As you know, in August we announced the creation of three business units, OpenEdge, Data Connectivity and Integration or DCI and application development deployment or app dev. Each business unit president is responsible for the profitability of their respective unit and as a result of this realignment, we have adopted segment reporting for the three business units beginning in the 4th Quarter. We have included quarterly results of operation by segment for 2013 and 2014 in our earnings press release. Also the results of our Corticon products are included in the OpenEdge business unit.
For the 4th Quarter, revenue by business units on a constant currency basis – OpenEdge revenue was $87 million, an increase of 11% year over year including revenues related to our BravePoint acquisition; DCI revenue was $13 million, an increase of 5%, primarily due to an increase in our OEM revenue in EMEA; and app dev revenue was $400,000, an increase of 120% versus the prior year. As I’ll discuss shortly, we expect that the positive momentum we saw in each of our business units in Q-4 will continue in the 2015.
For the full year – OpenEdge revenue was $297 million, an increase of 1% due to growth in APJ and Latin America, as well as incremental services revenue as a result of the BravePoint acquisition; DCI revenue was $35 million, a decrease of 13% year over year, primarily in North America; and app dev revenue was $1 million, an increase of 160% versus the prior year. The full-year decrease in DCI revenue is primarily due to two factors, the upfront revenue recognition in 2013 on several large multi-year OEM renewals and also the weakness in our pipeline from earlier in the year, which impacted our revenue growth in the first three quarters of 2014. Our pipeline is getting stronger for this business unit, which is reflected in the Q-4 year over year growth in revenue of 5%.
For our 4th Quarter revenue by geography – North America was up 2%, compared to the same quarter a year ago and included incremental services revenue from BravePoint of $3 million. On a constant currency basis, EMEA was up 4%, APJ was up 69% and Latin America was up 37%. The increase in EMEA was primarily from our application partners, while the increase in Latin America was due to additional revenue from end users. The increase in APJ was due to a large multi-year deal with two affiliated OpenEdge end users that I mentioned earlier. For the full year, North America revenue was down 2% versus the prior year. On a constant currency basis, EMEA was down 4%, APJ was up 29% and Latin America was up 6%.
Non-GAAP operating margin in the 4th Quarter was 39%, two percentage points higher than the 4th Quarter of 2013. In the 4th Quarter, we generated strong cash flows with operating cash flow of approximately $39 million, compared to $18 million in Q-4 2013. Operating cash flow in Q-4 of last year included restructuring charges of approximately $7.2 million associated with our margin improvement initiatives and adjusting for these charges, operating cash flow for Q-4 2013 would have been approximately $25 million.
We also had a very strong cash flow performance for the full year. 2014 adjusted free cash flow was approximately $99 million, above the high-end of our guidance range. This represents a 35% increase over the $73 million generated in 2013. We did not repurchase any shares in the 4th Quarter. For the year, we repurchased $2.3 million shares at a cost of $53 million, as part of the 100 million share repurchase program authorized by our Board in January 2014. As of January 2015, we have $47 million remaining under this authorization.

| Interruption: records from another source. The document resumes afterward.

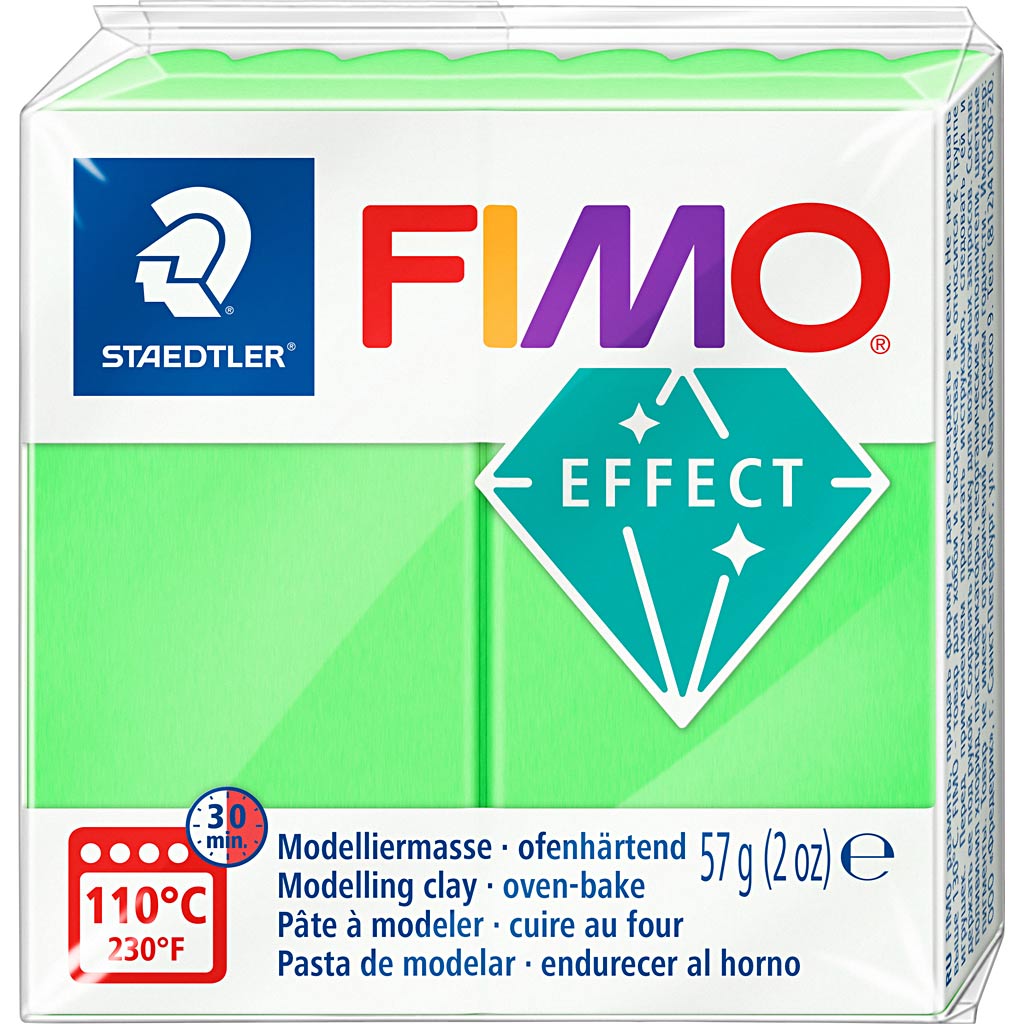 FIMO efekt, neoonroheline, 57 g/ 1 pakk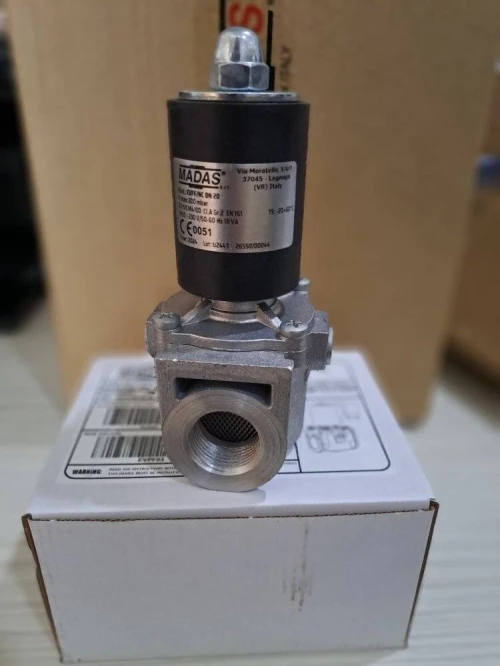 Vannes Électromagnétiques Gaz MADAS 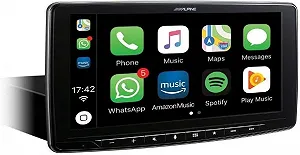 Автомагнитола Alpine ILX-F903D / 9" / Сенсорная / Apple CarPlay / Android Auto / Bluetooth / USB / DAB+ / 1DIN - Фото 1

The company ended the quarter with a strong balance sheet, with ending cash, cash equivalents and short-term investments of $283 million and no debt. Subsequent to our year-end, we funded the purchase of the Telerik acquisition using approximately $100 million of cash, with the remainder financed through a $150 million term loan, which is just part of a new five-year $300 million term and revolving credit facility. The interest rate on the term loan is based on libor, plus a margin determine by our consolidated leverage ratio. Based on our current leverage ratio and the current libor levels, our effective annual interest rate is libor plus 1.75% or approximately 2%.